La esperanza de todo el americanismo estaba puesta en una resurrección física para este Clausura 2026. Sin embargo, los reportes que llegan desde las canchas de entrenamiento sugieren que el inicio de año no traerá el alivio esperado, sino una repetición de la historia de terror que nadie quería volver a leer justo antes de que ruede el balón de forma oficial.
Los alarmantes reportes que filtran el estado real del capitán
Diversos reportes desde el corazón de Coapa confirman que Henry Martín ha estado realizando trabajos físicos diferenciados, lejos del ritmo y la intensidad de sus compañeros durante esta pretemporada. El goleador yucateco ni siquiera tuvo participación en el único duelo amistoso de preparación frente a Puebla, un indicio claro de que su físico no está al cien por ciento para la alta exigencia que demanda el esquema de André Jardine.
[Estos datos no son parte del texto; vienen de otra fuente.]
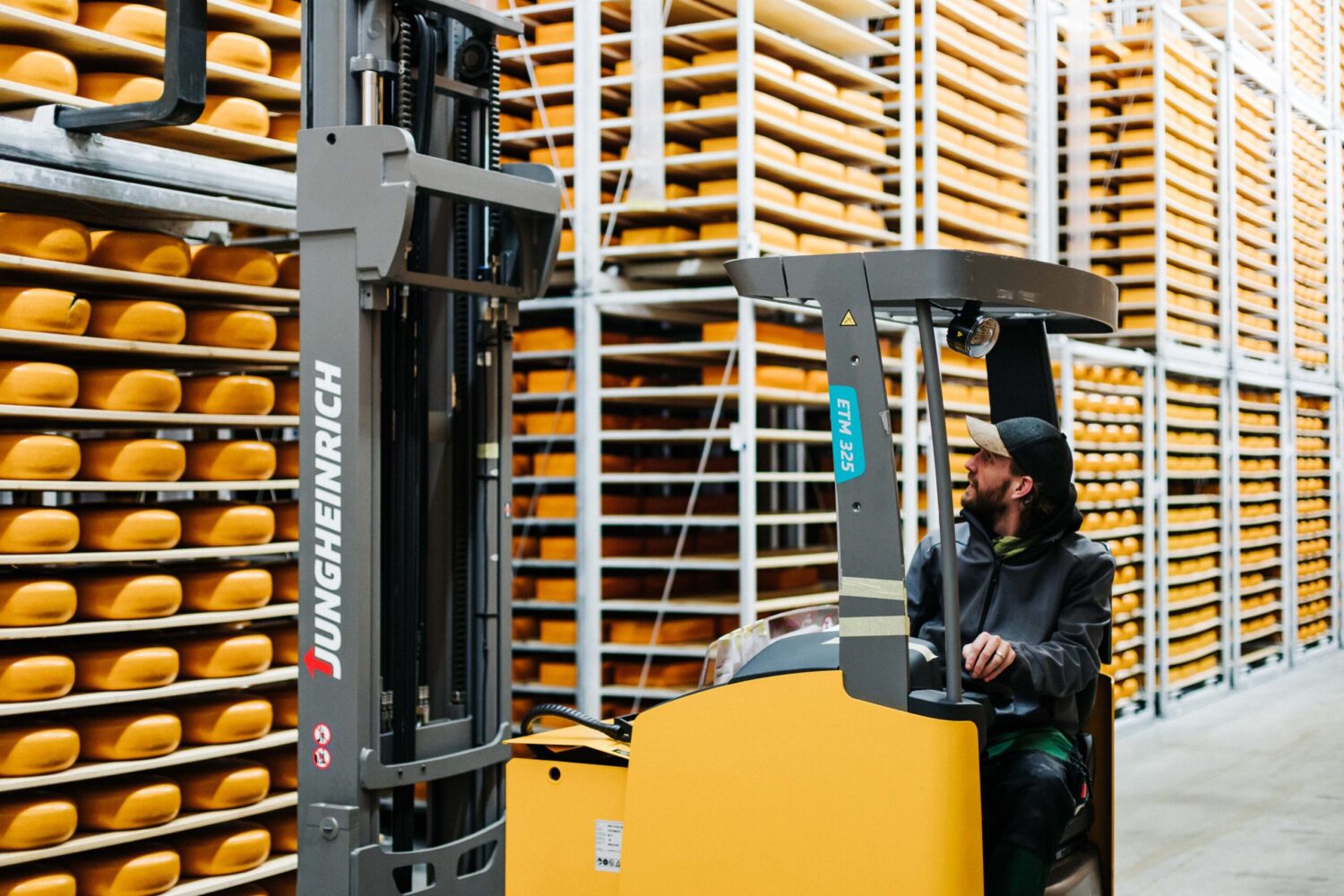 logistiek medewerker die met een heftruck een order klaar maakt.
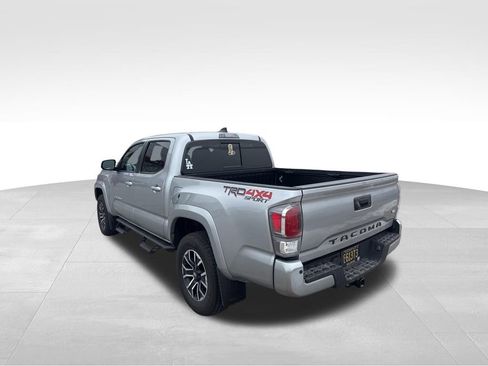 Used 2023 Toyota Tacoma TRD Sport w/ Technology Package image 5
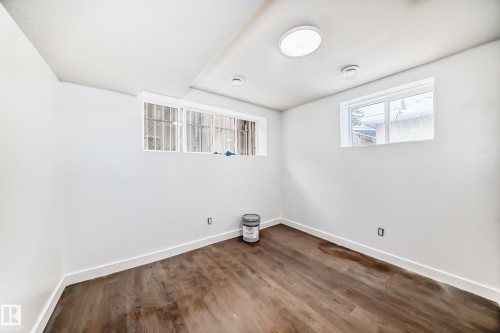 Edmonton, AB - Indoor Photo Showing Other Room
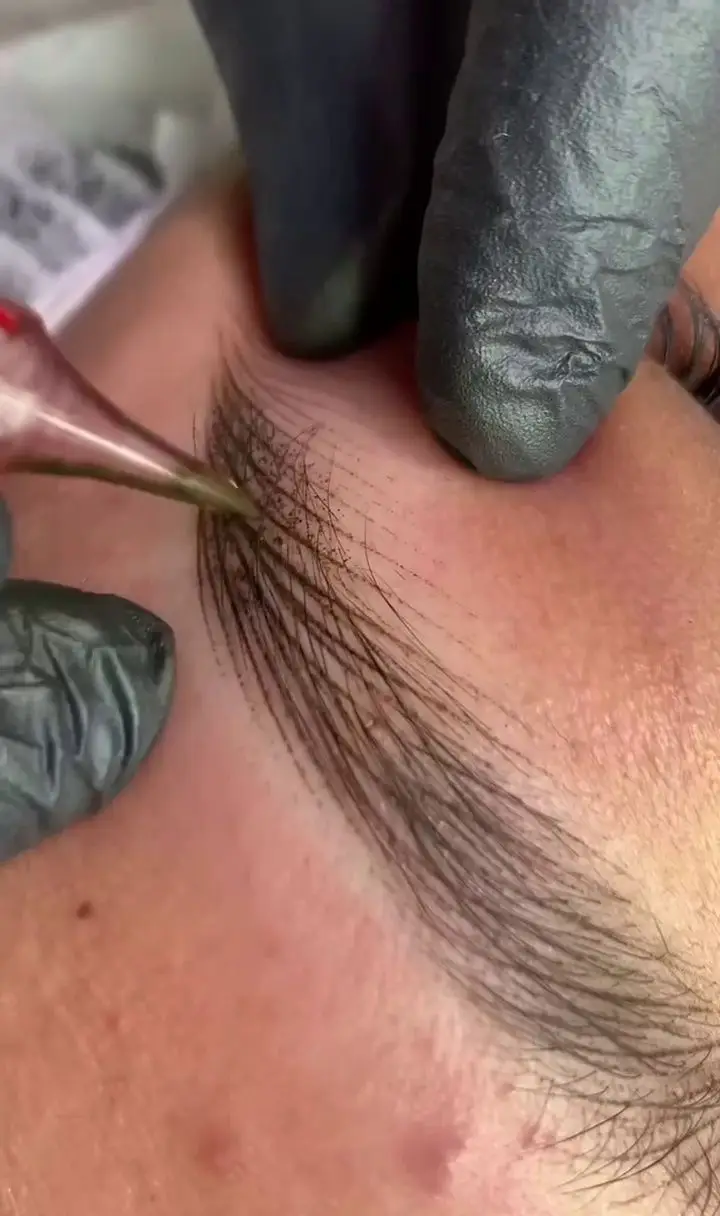خدمات میکرو ابرو و فیبروز حرفه‌ای در آکادمی سعیده مهدوی: ایجاد هاشورهای طبیعی برای زیبایی و آرایش دائم ابرو با بهترین کیفیت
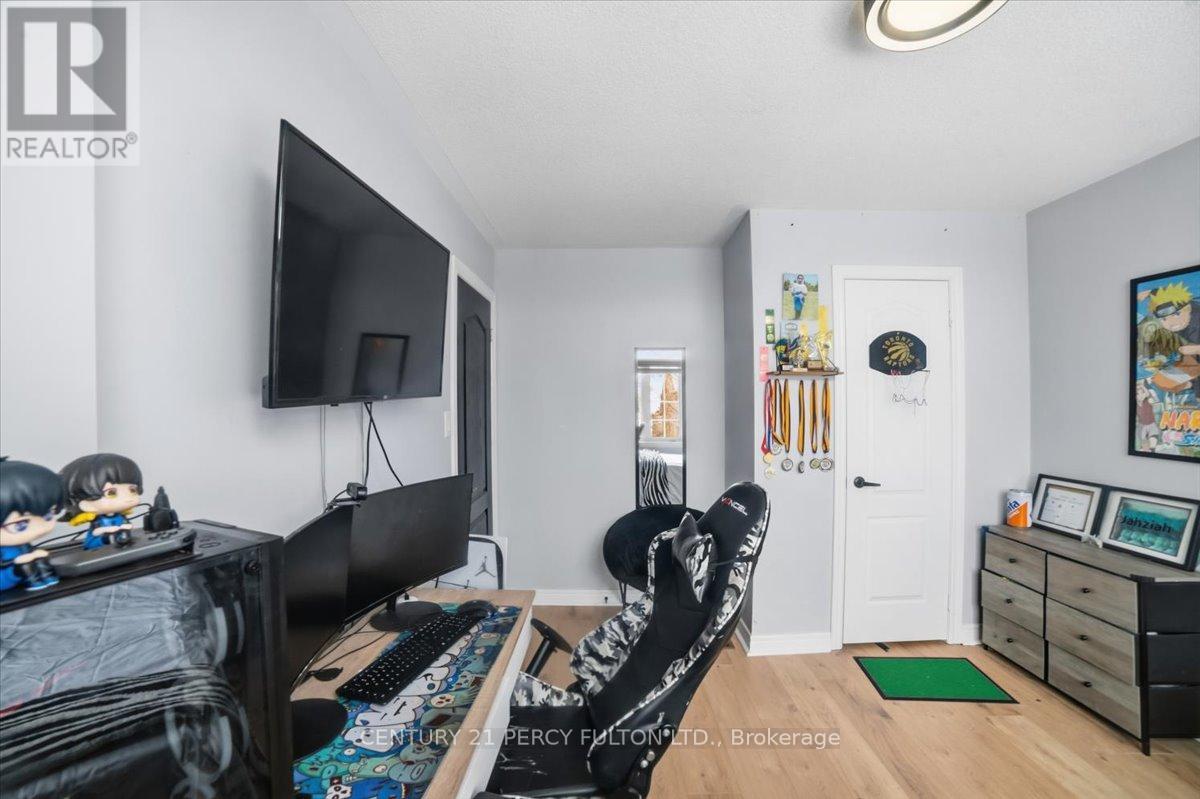 67 Kenilworth Cres - Second Bedroom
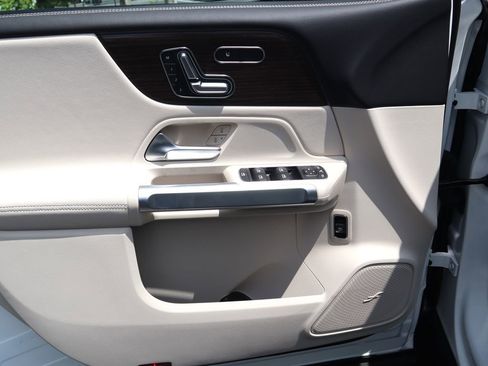 New 2026 Mercedes-Benz GLB 250 4MATIC image 16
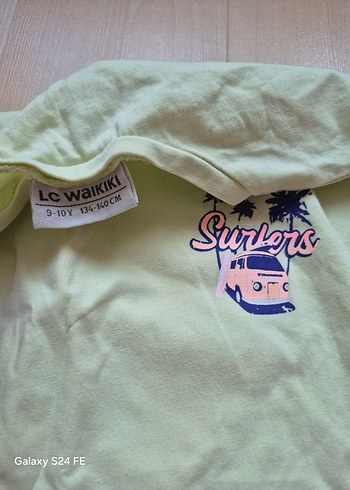 Kız Çocuk Yeşil Baskılı Düğmeli Tişört - Görsel 3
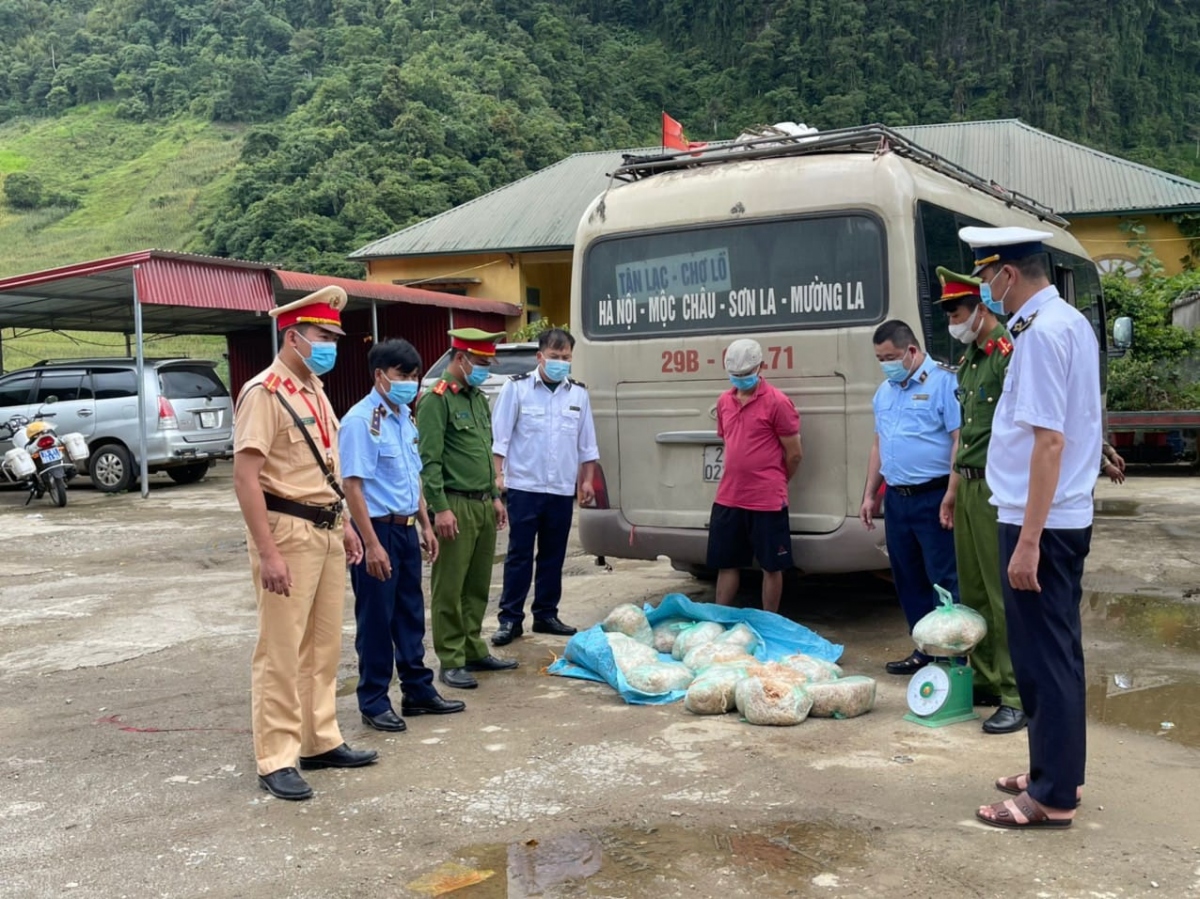 Các lực lượng chức năng phát hiện và xử lý gần 50kg sản phẩm động vật không rõ nguồn gốc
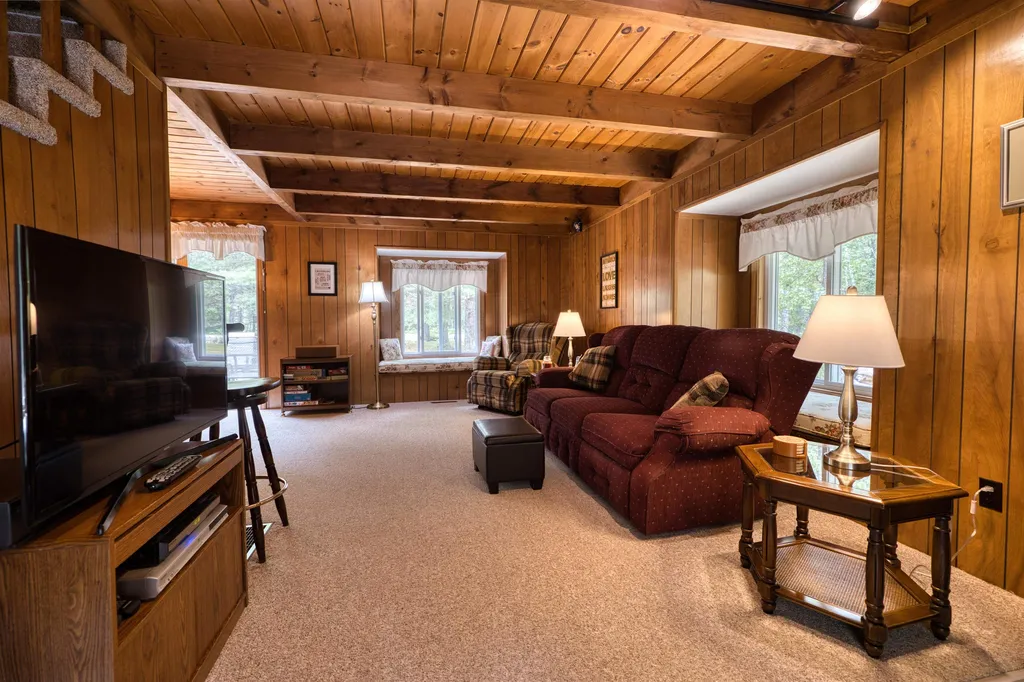 20 Pleasant Drive Freedom NH 03836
A solo cinco días del silbatazo inicial frente a Xolos de Tijuana, la incertidumbre en el Nido es absoluta. No hay claridad oficial sobre si se trata de una nueva dolencia muscular o una recaída de los problemas crónicos que lo mermaron el ciclo anterior. Esta opacidad informativa solo aumenta el nerviosismo en una afición que ve cómo su goleador histórico se vuelve una figura de cristal en el momento en que el equipo más necesita su jerarquía.
Si bien la gratitud por el tricampeonato es eterna, la situación empieza a volverse insostenible para la planeación deportiva. Henry Martín fue la punta de lanza de la época dorada reciente, pero hoy su presencia en la enfermería pesa más que su instinto matón en el área. El riesgo de iniciar el 2026 sin el capitán es latente, obligando a Jardine a improvisar soluciones de emergencia para no arrancar el torneo con el pie izquierdo.